Church in Pavia, Italy

San Giacomo della Vernavola was a monastery located along the small river Vernavola outside the walls of Pavia.

== History and architecture ==

The monastery was built in the 12th century and belonged to the Benedictine order. In 1217 Pope Honorius III granted several privileges to the monastery and, in 1384, Gian Galeazzo Visconti had the church restored and embellished. In 1421 the bishop of Pavia Pietro Grassi donated the monastery to the Order of Friars Minor, who in 1458 had the church rebuilt, making it frescoed by Vincenzo Foppa. In 1478 he came to San Giacono della Vernavola, Bernardine of Feltre, the future Blessed, who, after several moves, settled permanently in the monastery in 1493 where he died the following year, and his cell is still preserved inside the buildings that made up the monastery.
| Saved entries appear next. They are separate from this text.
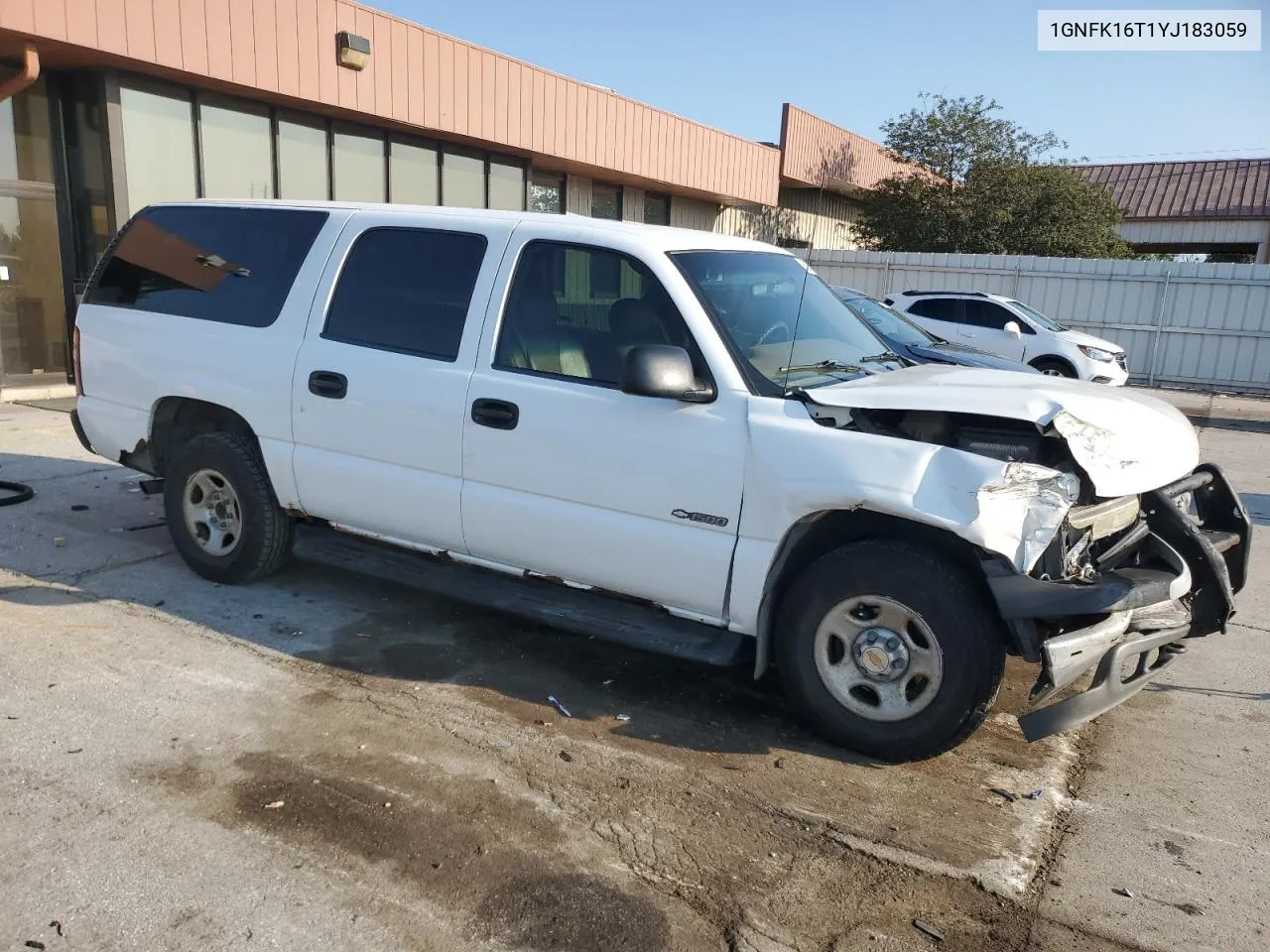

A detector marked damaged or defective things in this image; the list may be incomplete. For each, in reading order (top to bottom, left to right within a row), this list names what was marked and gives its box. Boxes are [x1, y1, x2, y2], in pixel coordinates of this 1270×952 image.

damaged white suv [69, 205, 1249, 767]
dented hood [808, 368, 1194, 500]
crushed front bumper [985, 467, 1244, 741]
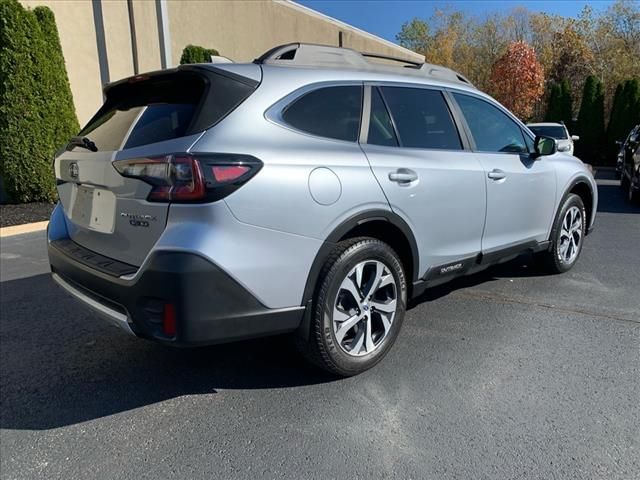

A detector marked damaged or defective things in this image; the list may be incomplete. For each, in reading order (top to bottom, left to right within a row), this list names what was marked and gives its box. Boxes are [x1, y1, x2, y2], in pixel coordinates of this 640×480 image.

crack in pavement [452, 288, 636, 326]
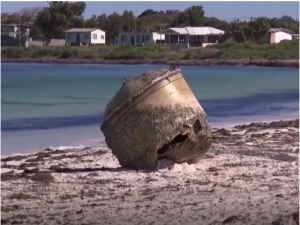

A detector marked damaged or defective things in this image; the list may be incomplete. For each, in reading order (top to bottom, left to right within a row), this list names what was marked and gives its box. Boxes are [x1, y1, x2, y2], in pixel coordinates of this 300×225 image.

rusted metal debris [102, 67, 212, 170]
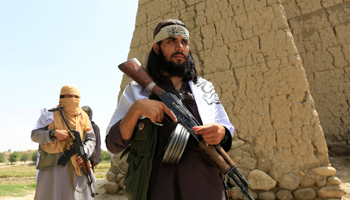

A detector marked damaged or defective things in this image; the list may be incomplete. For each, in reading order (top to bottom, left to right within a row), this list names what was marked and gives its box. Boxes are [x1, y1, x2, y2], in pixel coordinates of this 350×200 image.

cracked mud wall [110, 0, 346, 199]
cracked mud wall [282, 0, 350, 156]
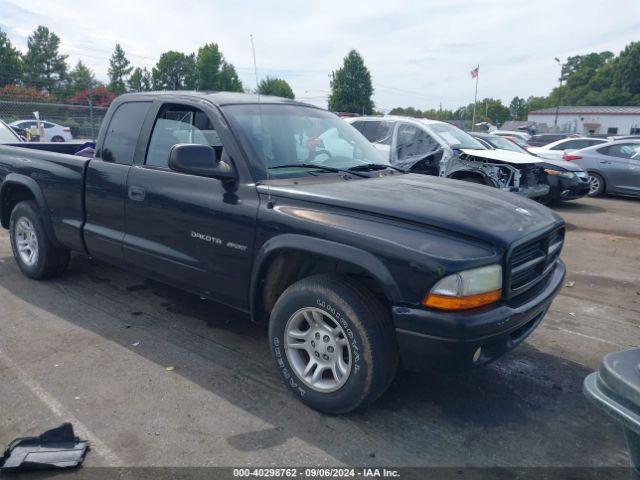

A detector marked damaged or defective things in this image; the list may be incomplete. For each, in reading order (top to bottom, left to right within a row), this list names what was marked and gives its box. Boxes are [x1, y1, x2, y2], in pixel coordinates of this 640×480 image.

damaged vehicle [350, 116, 552, 199]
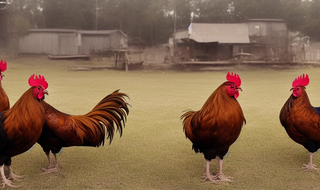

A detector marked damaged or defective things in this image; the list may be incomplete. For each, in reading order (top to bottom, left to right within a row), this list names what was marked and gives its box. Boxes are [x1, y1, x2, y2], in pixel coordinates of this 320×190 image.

rusty roof [188, 22, 250, 43]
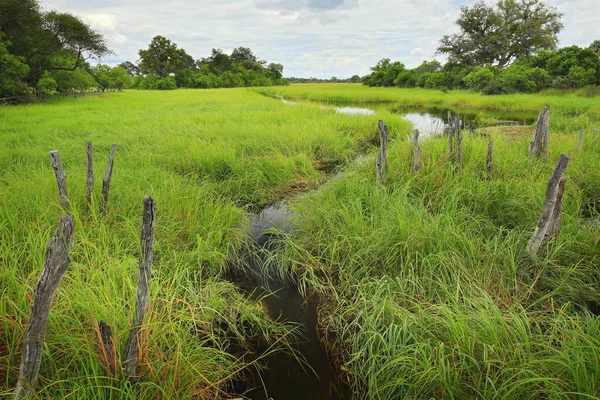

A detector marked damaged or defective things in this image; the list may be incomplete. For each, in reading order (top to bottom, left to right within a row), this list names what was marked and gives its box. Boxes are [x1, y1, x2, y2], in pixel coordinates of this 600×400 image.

broken post stump [49, 151, 68, 212]
broken post stump [100, 145, 118, 214]
broken post stump [532, 106, 552, 158]
broken post stump [528, 153, 568, 256]
broken post stump [14, 216, 75, 400]
broken post stump [120, 197, 155, 382]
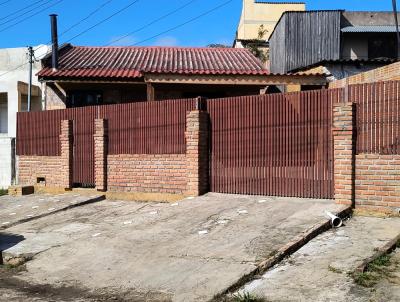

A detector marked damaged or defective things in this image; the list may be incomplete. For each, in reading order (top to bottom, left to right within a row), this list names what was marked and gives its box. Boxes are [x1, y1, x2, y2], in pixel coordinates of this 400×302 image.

cracked concrete slab [0, 193, 344, 302]
cracked concrete slab [238, 216, 400, 300]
In October 1524 the monastery was occupied by the army of the king of France Francis I during the siege of Pavia. For long months, until the battle of February 1525, the friars had to accommodate contingents of Swiss mercenaries in the service of the king of France. The church was renovated in 1730ː the vault and the walls were frescoed by Pietro Antonio Magatti, while the chapels were enriched by large paintings by Carlo Antonio Bianchi, Johann Christoph Storer and Francesco Bianchi. In 1805 the monastery was suppressed by decision of the Kingdom of Italy, and in 1806 it became the Agricultural Garden of the Faculty of Agronomy of the University of Pavia. In 1808 the church, the bell tower and the cloister were demolished, while in 1838 the south façade of the neoclassical building was built to a design by Giuseppe Marchesi. On the top of the tympanum of the facade is still the double-headed eagle in Viggiù stone, symbol of the Austrian Empire. In 1859, with the passage of Lombardy from the Austrian Empire to the Kingdom of Italy, the Faculty of Agriculture was closed, and the complex became home to the geophysical observatory of the University of Pavia, so much so that a geodynamic pavilion was built. In 1994 the former monastery was ceded by the University of Pavia to the Carabineri Command of the Forest, Environmental and Agri-food units. Of the ancient monastery are preserved, in addition to the cell of Blessed Bernardine of Feltre and the surrounding wall, also a chapel with a porch of the 16th century, in which remains of frescoes persist.